Fiber Watch: Is Faux Fur Really More Eco-Friendly Than the Real Deal?

A study from CE Delft, a non-profit environmental consultancy, shows that animal fur is far worse for the environment than its faux counterpart.
Researchers at the Dutch organization CE Delft studied the effects of mink fur versus faux fur, coming to the conclusion that mink fur is far harsher for the environment than fake fur, even if re-used once or twice. The study included calculations for various scenarios involved in the processing of both fur types, showing that ” the use of five faux fur coats has less impact than the use of one natural mink fur coat.”
The study conducted by CE Delft (which you can download here) is a continuation of a 2010 study which assessed the life-cycle impact of 1 kilogram of mink fur compared to the impact of 1 kilogram of other textile fibers such as cotton, polyester (PET), wool and acrylic. The new study compared the impact of a natural mink fur coat to a faux fur coat and a natural mink fur trim to a faux fur trim. Different variables were taken into account, such as the impact of raising mink for fur production, the lifespan of both fur types, the maintenance of both fur types, and the impact of production processes.
The study shows that natural mink fur coats outperform faux fur coats only if the lifespan of a mink fur coat is significantly longer than that of the faux fur coat. “The impact of a natural mink fur coat in all cases is at least 3 times higher than the impact of a faux fur coat. For a large number of environmental effects the factor of difference is 10 or higher.”  Research also shows that the same result applies to comparisons between mink fur and faux fur trims, which are often added to fur coats as accessories.
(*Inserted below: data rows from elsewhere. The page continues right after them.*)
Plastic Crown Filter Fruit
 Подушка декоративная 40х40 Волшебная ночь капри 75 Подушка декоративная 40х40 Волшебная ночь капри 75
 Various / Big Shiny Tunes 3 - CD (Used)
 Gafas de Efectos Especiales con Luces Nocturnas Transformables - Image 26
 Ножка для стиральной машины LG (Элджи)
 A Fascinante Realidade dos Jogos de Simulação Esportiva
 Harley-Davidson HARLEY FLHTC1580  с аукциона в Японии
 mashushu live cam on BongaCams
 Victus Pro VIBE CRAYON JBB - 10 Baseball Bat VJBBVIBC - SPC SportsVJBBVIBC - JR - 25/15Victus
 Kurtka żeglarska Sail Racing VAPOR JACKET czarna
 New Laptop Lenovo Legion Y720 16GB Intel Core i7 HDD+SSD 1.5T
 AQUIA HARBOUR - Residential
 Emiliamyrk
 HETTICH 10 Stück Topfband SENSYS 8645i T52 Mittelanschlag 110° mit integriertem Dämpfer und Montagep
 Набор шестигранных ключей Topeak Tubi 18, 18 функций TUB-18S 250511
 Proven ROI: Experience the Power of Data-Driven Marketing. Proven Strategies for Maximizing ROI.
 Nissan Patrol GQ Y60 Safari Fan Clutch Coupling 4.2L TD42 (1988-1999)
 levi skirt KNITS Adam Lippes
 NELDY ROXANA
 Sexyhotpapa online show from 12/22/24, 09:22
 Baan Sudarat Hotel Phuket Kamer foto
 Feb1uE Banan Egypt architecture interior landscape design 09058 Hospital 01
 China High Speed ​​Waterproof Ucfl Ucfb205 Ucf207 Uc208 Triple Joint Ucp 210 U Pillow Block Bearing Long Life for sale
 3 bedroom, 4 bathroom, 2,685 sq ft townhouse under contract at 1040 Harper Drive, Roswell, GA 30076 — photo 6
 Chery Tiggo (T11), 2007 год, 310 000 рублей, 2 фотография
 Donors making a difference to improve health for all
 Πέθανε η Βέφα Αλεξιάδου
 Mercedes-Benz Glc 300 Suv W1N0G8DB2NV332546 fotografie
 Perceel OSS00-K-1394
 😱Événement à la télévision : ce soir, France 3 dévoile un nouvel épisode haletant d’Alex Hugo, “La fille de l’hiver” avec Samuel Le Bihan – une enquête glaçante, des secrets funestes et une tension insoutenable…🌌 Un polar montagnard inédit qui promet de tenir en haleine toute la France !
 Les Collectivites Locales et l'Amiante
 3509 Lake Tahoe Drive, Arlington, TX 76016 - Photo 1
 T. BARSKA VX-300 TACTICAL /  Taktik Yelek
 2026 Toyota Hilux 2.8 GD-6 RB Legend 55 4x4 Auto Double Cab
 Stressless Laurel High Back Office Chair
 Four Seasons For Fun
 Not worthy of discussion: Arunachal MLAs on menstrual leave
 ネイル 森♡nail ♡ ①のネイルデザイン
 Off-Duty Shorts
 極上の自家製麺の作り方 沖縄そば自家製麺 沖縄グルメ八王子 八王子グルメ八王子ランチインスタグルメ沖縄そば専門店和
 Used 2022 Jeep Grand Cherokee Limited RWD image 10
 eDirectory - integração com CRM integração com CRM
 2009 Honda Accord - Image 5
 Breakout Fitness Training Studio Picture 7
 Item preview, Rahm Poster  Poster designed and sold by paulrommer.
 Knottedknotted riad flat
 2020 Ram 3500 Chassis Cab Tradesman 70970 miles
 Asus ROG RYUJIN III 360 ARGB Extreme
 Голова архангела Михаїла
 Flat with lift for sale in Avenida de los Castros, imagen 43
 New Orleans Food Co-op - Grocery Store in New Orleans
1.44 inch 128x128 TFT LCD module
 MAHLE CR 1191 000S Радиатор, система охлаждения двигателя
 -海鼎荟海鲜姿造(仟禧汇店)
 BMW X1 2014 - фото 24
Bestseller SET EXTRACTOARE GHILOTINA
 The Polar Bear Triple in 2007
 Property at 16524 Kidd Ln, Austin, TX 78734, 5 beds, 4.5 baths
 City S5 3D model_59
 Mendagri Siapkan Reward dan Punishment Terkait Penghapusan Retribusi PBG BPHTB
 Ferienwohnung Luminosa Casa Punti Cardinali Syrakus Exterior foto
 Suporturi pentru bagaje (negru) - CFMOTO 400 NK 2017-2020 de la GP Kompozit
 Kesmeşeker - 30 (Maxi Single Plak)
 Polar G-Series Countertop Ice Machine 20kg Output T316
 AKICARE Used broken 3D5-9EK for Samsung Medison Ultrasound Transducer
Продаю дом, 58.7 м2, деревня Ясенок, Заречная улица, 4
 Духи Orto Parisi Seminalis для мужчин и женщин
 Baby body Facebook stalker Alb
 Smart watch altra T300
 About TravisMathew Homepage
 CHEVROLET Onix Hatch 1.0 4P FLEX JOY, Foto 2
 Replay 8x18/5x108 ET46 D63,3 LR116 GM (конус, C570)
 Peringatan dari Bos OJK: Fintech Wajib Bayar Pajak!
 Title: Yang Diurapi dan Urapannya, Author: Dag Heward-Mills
Although the study provides evidence that natural mink fur has a much higher environmental impact than faux fur, the lifespan between the two types of fur is open to debate. A consumer might be more likely to discard a faux fur coat much quicker than a valuable, natural fur that can be passed on from generation to generation. This relates to the issue of maintaining the quality of the fur, as natural furs need to be stored at low temperatures during warm summer months to elongate its lifespan, adding another factor to its environmental footprint. But lifespan aside, if someone used 5 faux-fur coats compared to one mink coat, the environmental impact of the faux fur coats would still be lower.

It will remain to be seen how this type of research will impact the fur industry, which has been under much scrutiny for the last few decades over the suffering of the animals killed for their fur. Although fur garment producers have spent millions of dollars trying to present fur as a natural and therefore more eco-friendly alternative to faux fur, this recently released study could mean big trouble for fur dealers. However, the reliance of oil-based raw materials for faux furs cannot be ignored – hopefully all the developments in the realm of plant-based synthetics and recycled polyester and acrylic could provide truly sustainable faux fur options that take animal slaughter out of the picture entirely.